Others have drawn attention to the Discovery Institute’s cries of “gagging order” when Ball State University stopped the teaching of theocentric Intelligent Design as science, and their support for the Bryan University administration as merely asserting its rights when it suddenly demanded that their faculty members profess belief in a literal Adam and Eve. A double standard; demanding unconstitutional privilege for creationism in the name of academic freedom, while turning a blind eye when such freedom is trampled on by the creationists themselves.
It is worth quoting the words with which the DI’s mendaciously mistitled Evolution News and Views defends the Bryan administration against its own faculty:
[A] private institution like Bryan with a religious or philosophical mission inevitably draws lines for its teachers. If you want to retain the mission, you can’t at the same time tell faculty that “Anything goes.”
Remember that when next you hear the Discovery Institute argue for the “academic freedom” to teach creationism in publicly funded schools.
But their explicit defence of Young Earth creationists against their critics is something new. For the record, here’s the actual article. No author name given. Yes, that’s all of it, including what I accept as a full and fair embedded quote from what I wrote.

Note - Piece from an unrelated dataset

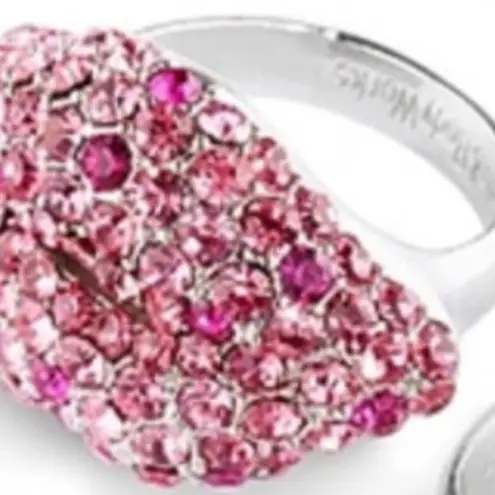PINK LIPS RHINESTONE RING Size 6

A pity the surrounding text is so incoherent[1], but my assertion that the DI is defending creationism is an extraordinary claim, and extraordinary claims require extraordinary (if tedious) evidence:
And just to spell it out, they describe my review of a 5 year old book as part of the latest attack on the poor beleaguered creationists, because I scurrilously refer to what creationists believe, thereby unfairly accusing them of being “liberals who believe in the Hippie’s [sic] Guide to nature”. And the interesting bit is, not the boring banality and involuted illogic of Uncommon Descent, which is standard, but the fact that they think their job includes defending Young Earth creationists.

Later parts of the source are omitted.